I don't know, but I caught a bit of 60 Minutes on CBS tonight and they said manufacturers had 3 million jobs waiting to be filled but the schools are putting out such idiots these days that can't spell, write, do math, focus, learn..... that the jobs are going unfilled. That is all I heard... nothing about the pay but the people making this statement and the scenes behind them made it seem fairly technical yet doable.... and from many of the young people I have talked too.... I'm scared for their future and ours. Our public schools are letting people out of school that are in no way prepared for a real job and real life. Not to say everyone, of course! But nothing compared to my schooling. We import engineers for a reason!


So what you basically are saying is,

You have to be an engineer to get a manufacturing job.

I doubt it friend.

No one needs a degree in engineering to learn a skill. While I agree you do need certain abilities to be able to learn, you do not need a degree to push a button or take something out of a machine.

These manufacturing jobs are not giving people a chance to train them. There used to be a thing called training. Not you are supposed to know every little thing about the job before you apply.

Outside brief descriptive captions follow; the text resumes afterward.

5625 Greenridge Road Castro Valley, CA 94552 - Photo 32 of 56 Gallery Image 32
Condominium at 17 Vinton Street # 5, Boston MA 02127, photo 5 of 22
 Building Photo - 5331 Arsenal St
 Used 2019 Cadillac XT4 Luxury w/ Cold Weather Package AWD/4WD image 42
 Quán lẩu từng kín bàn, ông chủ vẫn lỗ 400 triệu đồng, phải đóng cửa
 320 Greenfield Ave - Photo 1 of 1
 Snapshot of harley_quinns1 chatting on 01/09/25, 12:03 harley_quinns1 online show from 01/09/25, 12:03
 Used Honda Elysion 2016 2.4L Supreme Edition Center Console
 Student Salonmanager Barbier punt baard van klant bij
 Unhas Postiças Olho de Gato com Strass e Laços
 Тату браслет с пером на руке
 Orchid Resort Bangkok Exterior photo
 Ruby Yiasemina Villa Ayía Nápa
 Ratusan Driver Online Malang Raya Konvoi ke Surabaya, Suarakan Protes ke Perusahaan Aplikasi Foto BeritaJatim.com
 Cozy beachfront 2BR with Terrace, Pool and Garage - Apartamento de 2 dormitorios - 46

I worked at he local paper for 12 years. I don't know how many applicants were needing a job because the had
college educations and nobody would hire them because the were "over qualified ".

That is all I have to say about that unless you can link me something that has the jobs and numbers.

If I were an employer and I needed help, I would train someone to do the job.

That leads to another problem about the expectations of the people that do the hiring.

One should not have to go in debt for hundreds of thousands of dollars just to land a job that pays 50,000 a year.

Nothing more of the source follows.